I stood in the choir loft watching Pope Francis struggle to his feet as he greeted Indigenous mothers and daughters, while he recognized the people for who they are and what they have endured. At a certain point I stopped hoping for a better picture, stopped wishing I could find better words to convey this moment, and realized that Christ was present, incarnate. God Himself bound us in that moment to one another — not in spite of our sins or freed from our past, for there is no holy amnesia, but because we are His and He is merciful.

There are questions we must answer and Pope Francis did not hesitate to ask them of the Church in Canada.

“Are we brothers, or competitors split into parties? And how about our relationships with those who are not ‘one of our own’? With those who do not believe? With those who have different traditions and customs?” Pope Francis asked at vespers in the gilded jewel box of Quebec City’s Cathedral. “This is the way: to build relationships of fraternity with everyone, with Indigenous brothers and sisters, with every sister and brother we meet, because the presence of God is reflected in each of their faces.”

Would you use the word genocide, Pope Francis was asked on the flight back to Rome.

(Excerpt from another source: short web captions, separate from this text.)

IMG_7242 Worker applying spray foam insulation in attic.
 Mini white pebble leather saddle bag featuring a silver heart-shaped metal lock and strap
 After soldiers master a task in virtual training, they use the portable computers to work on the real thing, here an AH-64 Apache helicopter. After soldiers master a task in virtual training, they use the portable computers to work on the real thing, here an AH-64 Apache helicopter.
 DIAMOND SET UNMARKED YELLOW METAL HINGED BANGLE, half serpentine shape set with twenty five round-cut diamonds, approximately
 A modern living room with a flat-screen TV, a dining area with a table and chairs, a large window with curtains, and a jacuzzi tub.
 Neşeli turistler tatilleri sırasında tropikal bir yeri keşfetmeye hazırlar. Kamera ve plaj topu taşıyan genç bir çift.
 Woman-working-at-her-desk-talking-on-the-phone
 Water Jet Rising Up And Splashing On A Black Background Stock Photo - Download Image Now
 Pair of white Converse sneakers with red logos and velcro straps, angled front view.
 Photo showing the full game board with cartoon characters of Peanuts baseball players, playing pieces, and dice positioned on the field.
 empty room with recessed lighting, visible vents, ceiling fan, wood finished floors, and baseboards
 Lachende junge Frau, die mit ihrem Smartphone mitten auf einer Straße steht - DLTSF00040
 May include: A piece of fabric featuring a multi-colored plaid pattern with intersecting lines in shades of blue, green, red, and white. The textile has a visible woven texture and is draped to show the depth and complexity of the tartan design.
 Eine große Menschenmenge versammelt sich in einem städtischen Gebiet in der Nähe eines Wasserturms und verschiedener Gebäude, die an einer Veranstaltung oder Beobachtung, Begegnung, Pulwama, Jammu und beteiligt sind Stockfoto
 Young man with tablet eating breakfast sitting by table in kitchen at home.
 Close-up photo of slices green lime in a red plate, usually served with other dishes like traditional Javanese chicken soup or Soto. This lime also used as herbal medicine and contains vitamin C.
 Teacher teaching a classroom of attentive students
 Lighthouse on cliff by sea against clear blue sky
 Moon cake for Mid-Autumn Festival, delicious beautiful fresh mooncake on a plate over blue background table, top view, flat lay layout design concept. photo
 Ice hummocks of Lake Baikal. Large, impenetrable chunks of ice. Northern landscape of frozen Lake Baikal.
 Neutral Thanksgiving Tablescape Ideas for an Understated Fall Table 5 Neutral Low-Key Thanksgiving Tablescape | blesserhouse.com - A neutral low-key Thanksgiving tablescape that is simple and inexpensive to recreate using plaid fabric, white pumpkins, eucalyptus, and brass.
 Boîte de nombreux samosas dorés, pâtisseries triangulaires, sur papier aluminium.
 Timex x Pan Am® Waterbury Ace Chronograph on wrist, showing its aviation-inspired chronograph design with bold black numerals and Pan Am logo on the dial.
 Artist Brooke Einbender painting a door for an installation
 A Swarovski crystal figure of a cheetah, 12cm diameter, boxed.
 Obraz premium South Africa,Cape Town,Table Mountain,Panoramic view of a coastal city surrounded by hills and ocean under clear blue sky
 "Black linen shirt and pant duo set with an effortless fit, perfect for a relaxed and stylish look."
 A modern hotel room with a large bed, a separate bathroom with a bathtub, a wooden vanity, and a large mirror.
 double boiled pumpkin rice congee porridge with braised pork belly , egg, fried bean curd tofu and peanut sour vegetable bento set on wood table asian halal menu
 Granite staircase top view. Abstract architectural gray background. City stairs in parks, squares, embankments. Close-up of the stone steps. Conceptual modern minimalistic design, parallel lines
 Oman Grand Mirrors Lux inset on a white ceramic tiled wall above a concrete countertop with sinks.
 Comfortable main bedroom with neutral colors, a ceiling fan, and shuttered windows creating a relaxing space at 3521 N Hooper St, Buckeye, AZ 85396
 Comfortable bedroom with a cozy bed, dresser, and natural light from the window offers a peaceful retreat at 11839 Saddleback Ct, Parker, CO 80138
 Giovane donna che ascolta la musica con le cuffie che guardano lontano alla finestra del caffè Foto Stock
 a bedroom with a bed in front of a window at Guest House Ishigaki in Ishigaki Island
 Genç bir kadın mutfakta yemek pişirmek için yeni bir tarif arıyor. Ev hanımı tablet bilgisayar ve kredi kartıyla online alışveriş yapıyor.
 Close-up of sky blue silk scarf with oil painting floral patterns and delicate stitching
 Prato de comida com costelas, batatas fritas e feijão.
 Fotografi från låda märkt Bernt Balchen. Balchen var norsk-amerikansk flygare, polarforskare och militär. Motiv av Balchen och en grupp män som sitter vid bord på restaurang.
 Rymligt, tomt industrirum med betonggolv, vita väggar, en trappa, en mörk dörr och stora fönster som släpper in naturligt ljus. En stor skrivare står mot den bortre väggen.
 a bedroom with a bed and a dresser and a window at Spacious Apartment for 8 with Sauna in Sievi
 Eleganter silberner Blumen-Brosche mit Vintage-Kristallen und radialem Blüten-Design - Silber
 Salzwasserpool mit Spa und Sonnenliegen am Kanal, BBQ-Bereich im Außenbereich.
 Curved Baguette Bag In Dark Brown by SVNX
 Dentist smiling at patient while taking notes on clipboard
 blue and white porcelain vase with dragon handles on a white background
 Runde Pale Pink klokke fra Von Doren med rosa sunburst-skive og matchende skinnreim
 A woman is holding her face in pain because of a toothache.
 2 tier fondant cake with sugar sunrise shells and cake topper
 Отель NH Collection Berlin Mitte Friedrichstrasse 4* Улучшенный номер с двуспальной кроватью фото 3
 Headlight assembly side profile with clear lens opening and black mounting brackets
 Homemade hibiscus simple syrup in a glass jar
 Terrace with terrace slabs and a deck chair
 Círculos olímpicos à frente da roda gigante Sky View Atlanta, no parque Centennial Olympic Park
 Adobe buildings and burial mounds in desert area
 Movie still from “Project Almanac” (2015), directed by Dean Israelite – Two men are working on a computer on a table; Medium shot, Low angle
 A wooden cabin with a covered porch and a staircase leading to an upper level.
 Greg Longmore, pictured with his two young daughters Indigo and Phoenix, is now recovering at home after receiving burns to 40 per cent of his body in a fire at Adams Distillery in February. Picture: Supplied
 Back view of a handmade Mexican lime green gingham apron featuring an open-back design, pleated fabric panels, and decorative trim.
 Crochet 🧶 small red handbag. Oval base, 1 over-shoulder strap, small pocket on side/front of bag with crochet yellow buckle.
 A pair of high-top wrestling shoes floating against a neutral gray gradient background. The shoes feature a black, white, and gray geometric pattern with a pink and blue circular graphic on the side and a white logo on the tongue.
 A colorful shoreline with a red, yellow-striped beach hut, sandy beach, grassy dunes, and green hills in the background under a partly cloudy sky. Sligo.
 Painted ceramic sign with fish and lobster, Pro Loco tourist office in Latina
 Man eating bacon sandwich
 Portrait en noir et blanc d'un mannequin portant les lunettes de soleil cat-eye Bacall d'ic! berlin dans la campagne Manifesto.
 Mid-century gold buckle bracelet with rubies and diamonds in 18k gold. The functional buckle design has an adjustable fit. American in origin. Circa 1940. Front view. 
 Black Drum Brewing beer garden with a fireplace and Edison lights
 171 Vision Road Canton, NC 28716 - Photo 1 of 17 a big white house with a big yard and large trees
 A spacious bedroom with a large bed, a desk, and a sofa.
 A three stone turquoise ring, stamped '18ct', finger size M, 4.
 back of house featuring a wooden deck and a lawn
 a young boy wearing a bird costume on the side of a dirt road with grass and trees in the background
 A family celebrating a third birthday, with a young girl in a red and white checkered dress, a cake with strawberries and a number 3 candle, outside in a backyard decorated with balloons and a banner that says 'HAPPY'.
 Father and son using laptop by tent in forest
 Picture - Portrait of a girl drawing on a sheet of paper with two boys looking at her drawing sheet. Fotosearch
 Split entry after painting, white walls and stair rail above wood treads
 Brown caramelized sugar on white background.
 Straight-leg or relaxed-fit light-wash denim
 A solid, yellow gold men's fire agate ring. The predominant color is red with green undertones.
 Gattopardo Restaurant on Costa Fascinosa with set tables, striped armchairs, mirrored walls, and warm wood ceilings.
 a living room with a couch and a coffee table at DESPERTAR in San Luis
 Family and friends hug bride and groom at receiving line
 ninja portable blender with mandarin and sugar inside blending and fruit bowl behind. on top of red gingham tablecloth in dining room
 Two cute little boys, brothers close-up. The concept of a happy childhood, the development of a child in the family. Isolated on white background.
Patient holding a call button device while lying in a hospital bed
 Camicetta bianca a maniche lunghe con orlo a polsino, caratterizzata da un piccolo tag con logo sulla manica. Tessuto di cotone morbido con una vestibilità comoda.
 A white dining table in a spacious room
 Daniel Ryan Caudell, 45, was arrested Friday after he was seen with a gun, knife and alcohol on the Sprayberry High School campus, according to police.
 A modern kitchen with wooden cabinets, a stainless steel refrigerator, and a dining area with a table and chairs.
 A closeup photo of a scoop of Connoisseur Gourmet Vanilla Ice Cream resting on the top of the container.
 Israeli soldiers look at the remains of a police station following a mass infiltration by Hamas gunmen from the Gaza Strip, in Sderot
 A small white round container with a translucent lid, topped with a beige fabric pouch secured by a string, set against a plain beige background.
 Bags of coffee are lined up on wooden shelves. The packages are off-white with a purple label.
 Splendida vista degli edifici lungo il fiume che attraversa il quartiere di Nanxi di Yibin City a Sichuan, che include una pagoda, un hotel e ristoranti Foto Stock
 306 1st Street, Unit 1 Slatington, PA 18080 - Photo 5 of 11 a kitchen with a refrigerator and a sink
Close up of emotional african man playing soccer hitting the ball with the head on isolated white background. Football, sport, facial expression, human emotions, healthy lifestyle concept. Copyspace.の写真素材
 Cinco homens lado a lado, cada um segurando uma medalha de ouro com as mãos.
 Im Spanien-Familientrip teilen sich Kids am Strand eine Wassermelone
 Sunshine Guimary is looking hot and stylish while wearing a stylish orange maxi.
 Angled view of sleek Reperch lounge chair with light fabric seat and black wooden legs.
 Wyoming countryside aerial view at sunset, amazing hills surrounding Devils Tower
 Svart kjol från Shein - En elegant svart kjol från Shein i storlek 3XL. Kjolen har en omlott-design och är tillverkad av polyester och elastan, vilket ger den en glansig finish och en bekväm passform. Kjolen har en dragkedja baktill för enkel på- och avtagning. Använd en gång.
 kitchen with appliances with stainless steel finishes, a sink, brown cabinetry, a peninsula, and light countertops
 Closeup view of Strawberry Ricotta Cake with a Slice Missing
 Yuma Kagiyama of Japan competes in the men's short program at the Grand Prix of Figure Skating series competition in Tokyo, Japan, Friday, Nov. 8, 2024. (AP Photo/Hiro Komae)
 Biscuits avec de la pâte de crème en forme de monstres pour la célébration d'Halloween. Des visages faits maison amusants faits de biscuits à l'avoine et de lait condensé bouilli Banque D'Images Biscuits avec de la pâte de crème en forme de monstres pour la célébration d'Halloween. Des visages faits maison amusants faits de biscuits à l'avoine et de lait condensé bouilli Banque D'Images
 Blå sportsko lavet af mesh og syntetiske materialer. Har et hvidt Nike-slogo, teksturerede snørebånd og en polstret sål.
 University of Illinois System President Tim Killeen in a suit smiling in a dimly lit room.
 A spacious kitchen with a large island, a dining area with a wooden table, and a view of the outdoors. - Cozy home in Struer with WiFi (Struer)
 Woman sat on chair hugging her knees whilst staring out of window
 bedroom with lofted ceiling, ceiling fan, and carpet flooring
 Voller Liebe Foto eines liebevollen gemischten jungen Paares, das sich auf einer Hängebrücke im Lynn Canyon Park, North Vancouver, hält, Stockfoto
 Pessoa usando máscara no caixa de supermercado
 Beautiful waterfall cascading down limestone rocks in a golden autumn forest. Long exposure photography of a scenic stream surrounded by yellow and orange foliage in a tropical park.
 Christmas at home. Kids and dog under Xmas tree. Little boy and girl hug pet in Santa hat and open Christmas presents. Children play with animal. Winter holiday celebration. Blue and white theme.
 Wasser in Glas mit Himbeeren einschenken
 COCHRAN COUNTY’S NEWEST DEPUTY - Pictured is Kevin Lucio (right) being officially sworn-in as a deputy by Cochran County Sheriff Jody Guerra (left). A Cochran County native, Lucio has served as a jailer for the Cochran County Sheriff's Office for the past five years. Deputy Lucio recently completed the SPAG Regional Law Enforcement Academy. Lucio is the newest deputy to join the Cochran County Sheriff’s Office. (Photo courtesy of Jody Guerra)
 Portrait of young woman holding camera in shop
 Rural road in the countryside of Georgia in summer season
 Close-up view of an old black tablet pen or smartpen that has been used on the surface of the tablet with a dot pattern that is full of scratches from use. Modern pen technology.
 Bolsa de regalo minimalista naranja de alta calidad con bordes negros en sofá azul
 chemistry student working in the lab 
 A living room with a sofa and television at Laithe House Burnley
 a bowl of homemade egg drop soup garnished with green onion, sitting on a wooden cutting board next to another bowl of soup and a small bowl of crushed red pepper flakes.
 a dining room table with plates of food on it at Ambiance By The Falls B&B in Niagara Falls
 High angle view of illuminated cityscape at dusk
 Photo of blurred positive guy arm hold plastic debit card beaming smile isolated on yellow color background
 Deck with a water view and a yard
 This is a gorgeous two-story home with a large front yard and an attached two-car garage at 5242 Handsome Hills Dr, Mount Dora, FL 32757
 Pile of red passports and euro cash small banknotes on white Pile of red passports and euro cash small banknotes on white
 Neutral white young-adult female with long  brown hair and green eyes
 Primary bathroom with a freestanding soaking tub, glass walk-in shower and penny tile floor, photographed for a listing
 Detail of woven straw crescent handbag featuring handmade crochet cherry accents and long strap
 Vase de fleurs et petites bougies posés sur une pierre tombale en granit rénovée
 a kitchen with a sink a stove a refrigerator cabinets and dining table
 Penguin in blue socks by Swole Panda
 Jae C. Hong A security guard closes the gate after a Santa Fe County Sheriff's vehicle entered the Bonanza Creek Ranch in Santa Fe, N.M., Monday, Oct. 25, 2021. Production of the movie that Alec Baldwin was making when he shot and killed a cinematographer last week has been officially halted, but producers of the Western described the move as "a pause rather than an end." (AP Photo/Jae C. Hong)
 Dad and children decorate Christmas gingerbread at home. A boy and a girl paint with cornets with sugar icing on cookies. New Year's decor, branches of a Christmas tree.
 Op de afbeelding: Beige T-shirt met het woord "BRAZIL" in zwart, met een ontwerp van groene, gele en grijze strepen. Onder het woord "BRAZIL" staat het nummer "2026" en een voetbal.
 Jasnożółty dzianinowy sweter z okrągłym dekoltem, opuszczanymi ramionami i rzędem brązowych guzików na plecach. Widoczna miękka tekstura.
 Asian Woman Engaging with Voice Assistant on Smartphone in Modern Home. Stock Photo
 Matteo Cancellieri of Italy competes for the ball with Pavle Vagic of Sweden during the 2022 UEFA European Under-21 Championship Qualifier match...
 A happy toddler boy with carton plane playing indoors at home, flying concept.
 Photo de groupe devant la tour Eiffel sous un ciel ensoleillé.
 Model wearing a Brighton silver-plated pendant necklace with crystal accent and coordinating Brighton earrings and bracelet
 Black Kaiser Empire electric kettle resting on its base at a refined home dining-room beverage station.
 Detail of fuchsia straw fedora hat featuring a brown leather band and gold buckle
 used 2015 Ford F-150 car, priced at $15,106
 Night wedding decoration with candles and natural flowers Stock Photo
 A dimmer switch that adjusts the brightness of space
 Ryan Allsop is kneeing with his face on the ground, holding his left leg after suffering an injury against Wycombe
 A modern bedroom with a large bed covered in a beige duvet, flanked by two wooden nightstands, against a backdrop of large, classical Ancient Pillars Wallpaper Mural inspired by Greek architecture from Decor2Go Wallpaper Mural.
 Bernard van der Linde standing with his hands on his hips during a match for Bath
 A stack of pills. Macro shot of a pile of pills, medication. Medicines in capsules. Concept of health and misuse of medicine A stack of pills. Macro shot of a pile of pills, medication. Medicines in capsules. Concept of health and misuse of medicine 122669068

“It is true; yes, it’s genocide” he said. “You can say that I said that, yes, that it was genocide. (In English) Yes. Yes. Thank you.”

Was there other history made in the Church this year? Of course there was. The Synod on Synodality continues on its massive scale interrogating our collective identity as Catholic Christians. Since February, the Christian nation of Ukraine has been under attack from Vladimir Putin’s Russia. Voluntary euthanasia is Canada’s seventh leading cause of death and growing as governments and the medical establishment work to expand their regime to the disabled, the mentally ill and those who cannot consent by reason of dementia.

Those stories are important, but reconciliation is what defines us. Reconciliation is what Christ accomplishes on the Cross. Reconciliation is what we participate in at the Eucharist. The real presence is the presence of reconciliation. There is no history without identity and if we are not identified with Christ, what are we? Mere memory is not enough. Anamnesis is the act of making what is truly real truly present. 

“Therefore, as we celebrate the memorial of His death and resurrection, we offer you, Lord, the Bread of life and the Chalice of salvation, giving thanks that you have held us worthy to be in your presence and minister to you.”

We have been called into the presence of God and to be present to one another. For this journalist, to be present in the midst of history this year has been my greatest privilege.